━━━ GIVEN DATA
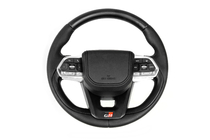 Toyota Land Cruiser 200 2007-2021 Lenkrad mit Heizung TLC300-Design (Holz) Foto 1
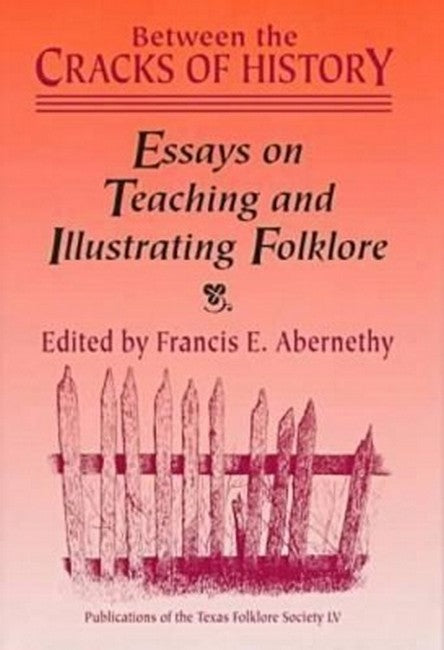 Between the Cracks of History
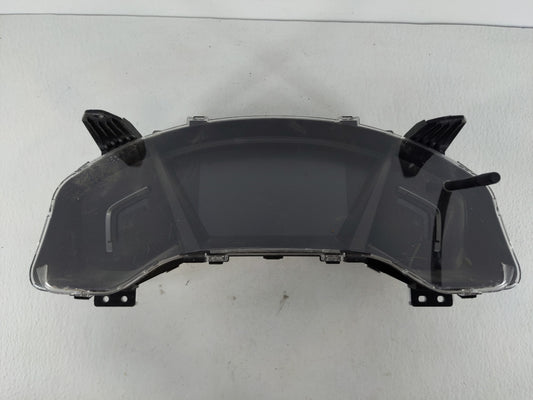 2017-2022 Honda Cr-V Instrument Cluster Speedometer Gauges P/N:78100-TLB-A120-M1 Fits Fits 2017 2018 2019 2020 2021 2022 OEM
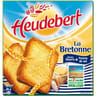 Lu heudebert biscotte la bretonne sel de guérande 290g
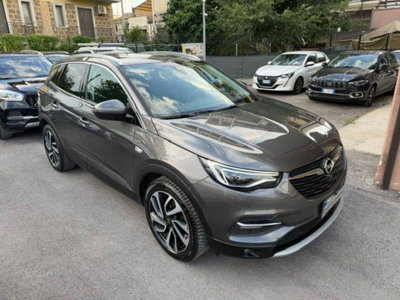 Opel Grandland X 1.6 diesel Ecotec Start&Stop Ultimate usata
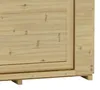 Zwerkules Holla Kinder Spielhaus für den Garten Holz Produktbild-Vorschau 5
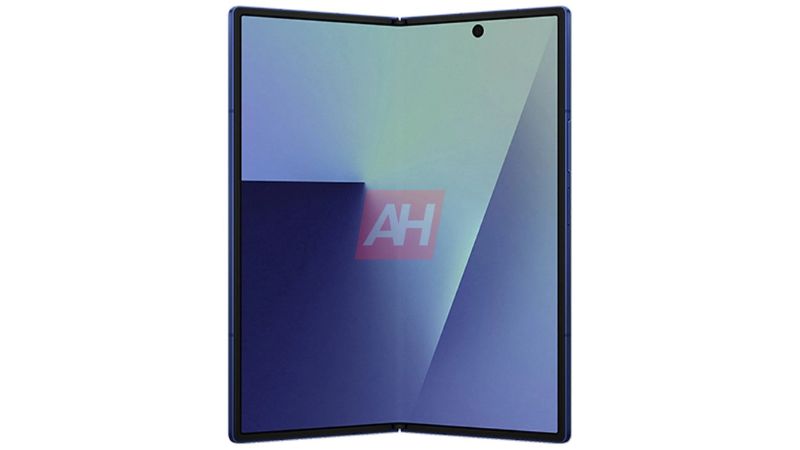 Ảnh thực tế Galaxy Z Fold 7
━━━━━━
**WHAT IS BEING ASKED:** All of the records above are to be copied exactly, minus the pictures.

**WRITTEN REPLY:**
 Toyota Land Cruiser 200 2007-2021 Lenkrad mit Heizung TLC300-Design (Holz) Foto 1
 Between the Cracks of History
 2017-2022 Honda Cr-V Instrument Cluster Speedometer Gauges P/N:78100-TLB-A120-M1 Fits Fits 2017 2018 2019 2020 2021 2022 OEM
 Lu heudebert biscotte la bretonne sel de guérande 290g
 Opel Grandland X 1.6 diesel Ecotec Start&Stop Ultimate usata
 Zwerkules Holla Kinder Spielhaus für den Garten Holz Produktbild-Vorschau 5
 Ảnh thực tế Galaxy Z Fold 7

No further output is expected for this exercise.